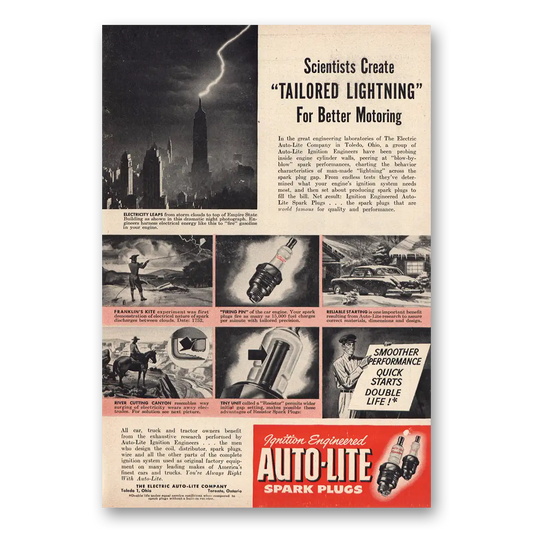 1951 Autolite Spark Plugs Tailored Lightning for Better Motoring Vintage Magazine Print Ad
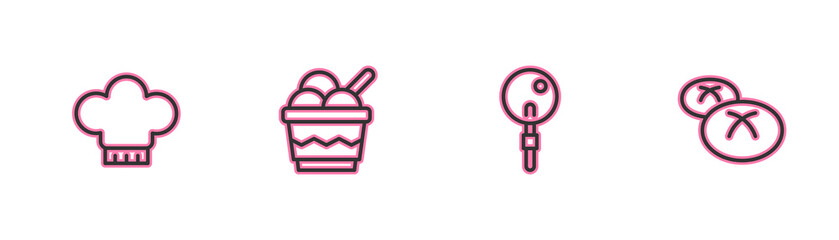 Set line Chef hat, Lollipop, Ice cream in bowl and Bread loaf icon. Vector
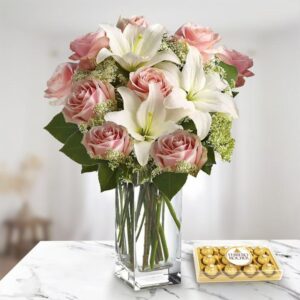 Sweet Pink Rose & Lily Gift — Cabo Delivery flowers in Cabo San Lucas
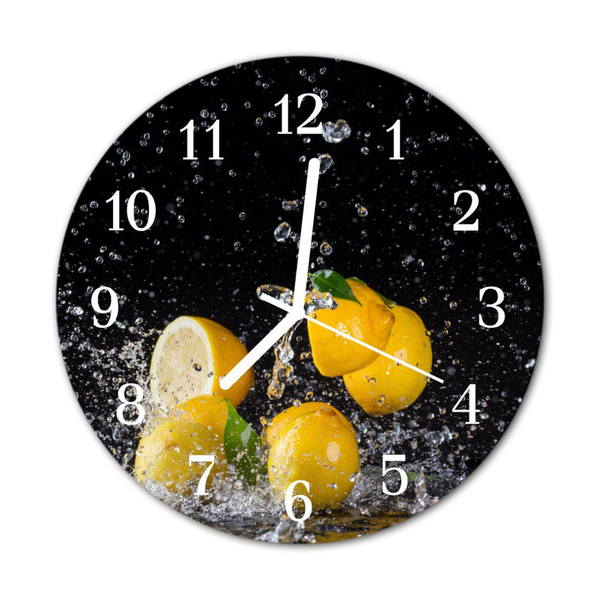 Horloge murale en verre Citrons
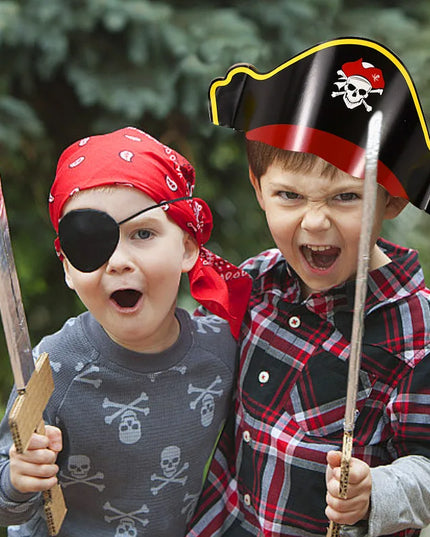 Papier Piratenhut schwarz gold Seitenansicht roter Rand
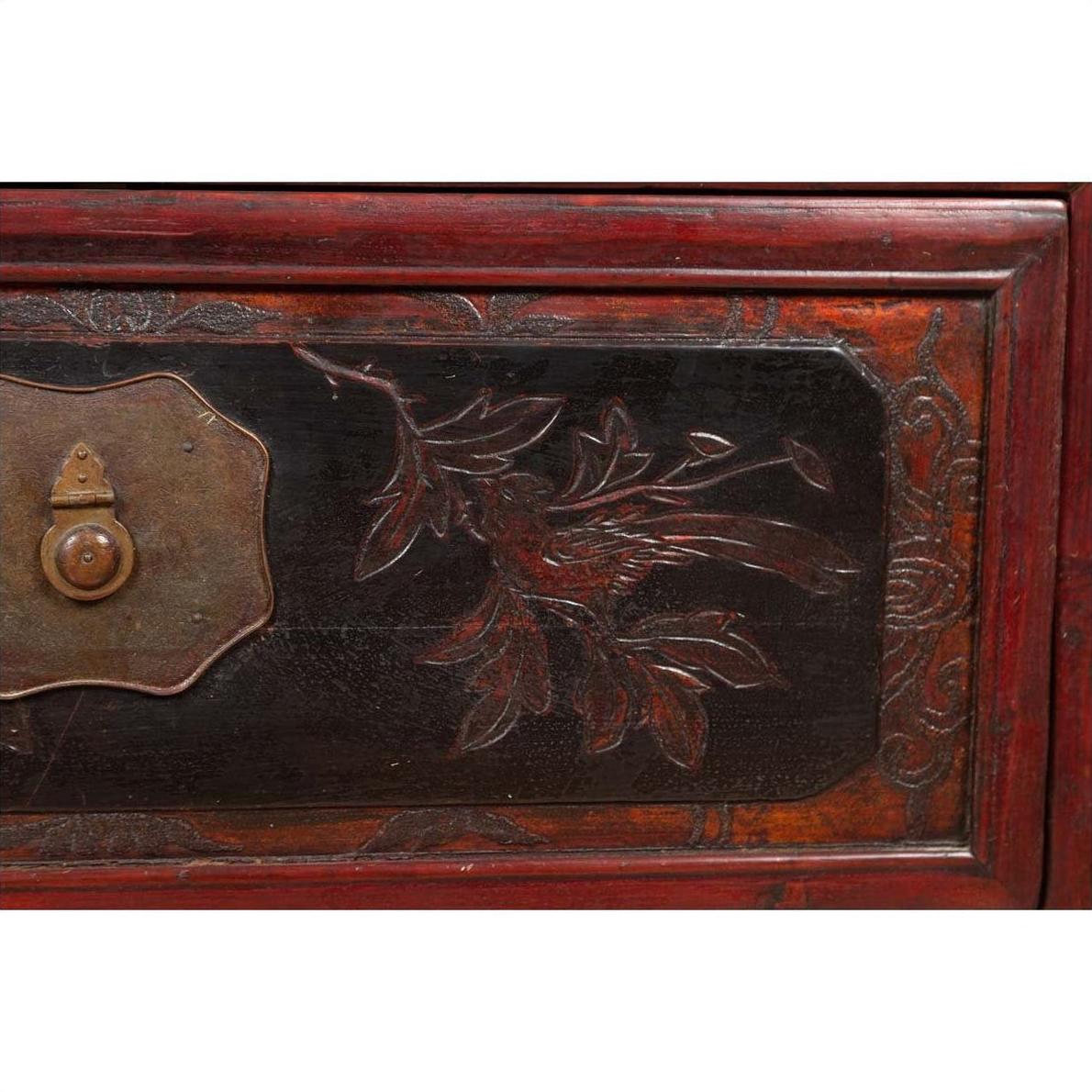 Antique Chinese Red and Black Lacquered Three-Section Chest with Carved Figures-11. Asian &amp; Chinese Furniture, Art, Antiques, Vintage Home Décor for sale at FEA Home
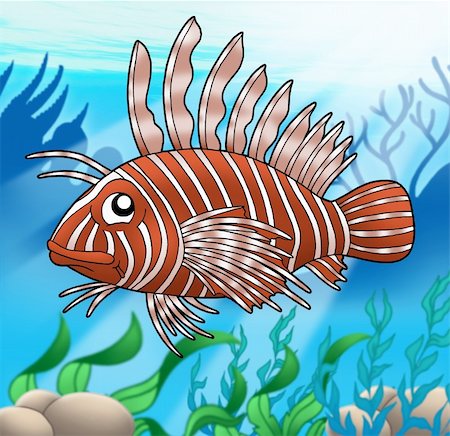 Lion fish in sea - color illustration. Stock Photo - Budget Royalty-Free & Subscription, Code: 400-04030069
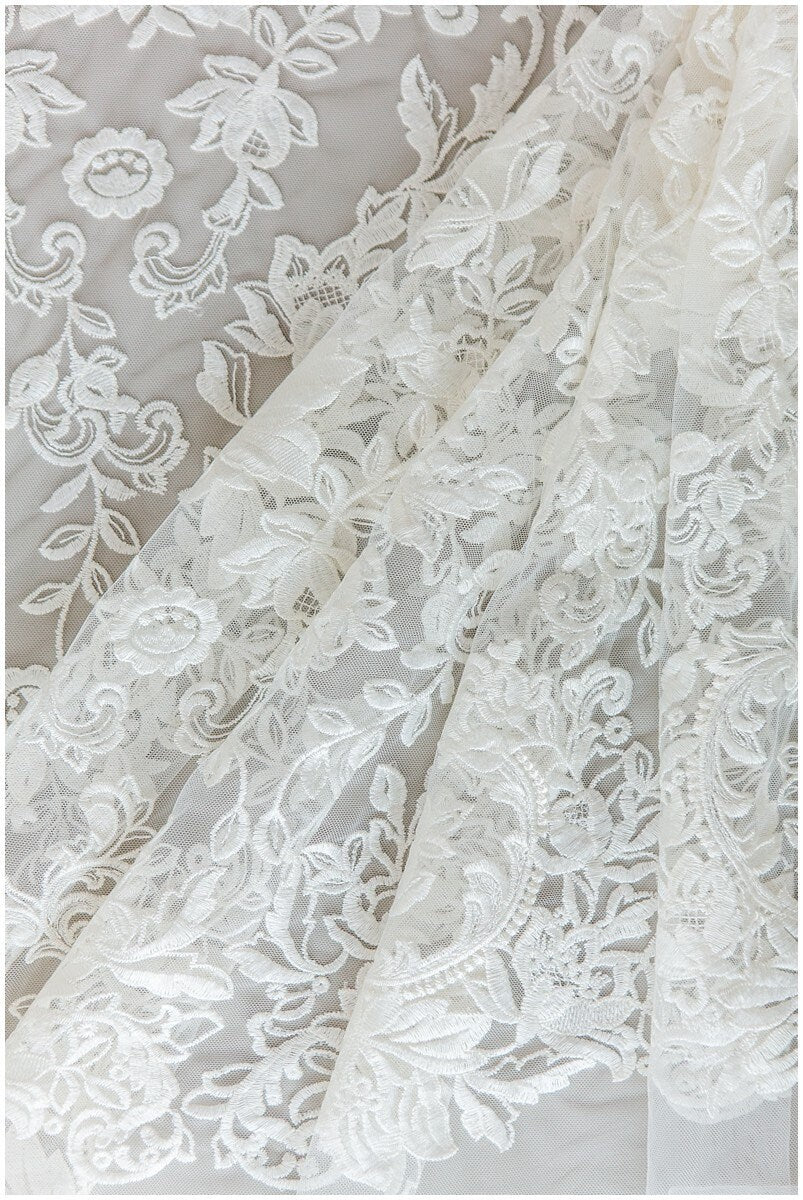 Soft bridal lace fabric off-white/ floral lace fabric/ wedding dress lace/ veil lace/ cotton lace// L17-172C
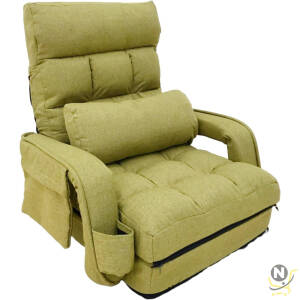 ALBAWADI Folding Chair Comfort Sofa Floor Lazy Sofa Adjustable Back Chair with Pillow Green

----------------------------------------

TASK DESCRIPTION:
The line containing "Sweet Pink Rose" and every line after it, through the end of the material above, are to be printed exactly; no pictures belong in the output.

ANSWER AREA:
 Sweet Pink Rose & Lily Gift — Cabo Delivery flowers in Cabo San Lucas
 Horloge murale en verre Citrons
 Papier Piratenhut schwarz gold Seitenansicht roter Rand
 Antique Chinese Red and Black Lacquered Three-Section Chest with Carved Figures-11. Asian &amp; Chinese Furniture, Art, Antiques, Vintage Home Décor for sale at FEA Home
 Lion fish in sea - color illustration. Stock Photo - Budget Royalty-Free & Subscription, Code: 400-04030069
 Soft bridal lace fabric off-white/ floral lace fabric/ wedding dress lace/ veil lace/ cotton lace// L17-172C
 ALBAWADI Folding Chair Comfort Sofa Floor Lazy Sofa Adjustable Back Chair with Pillow Green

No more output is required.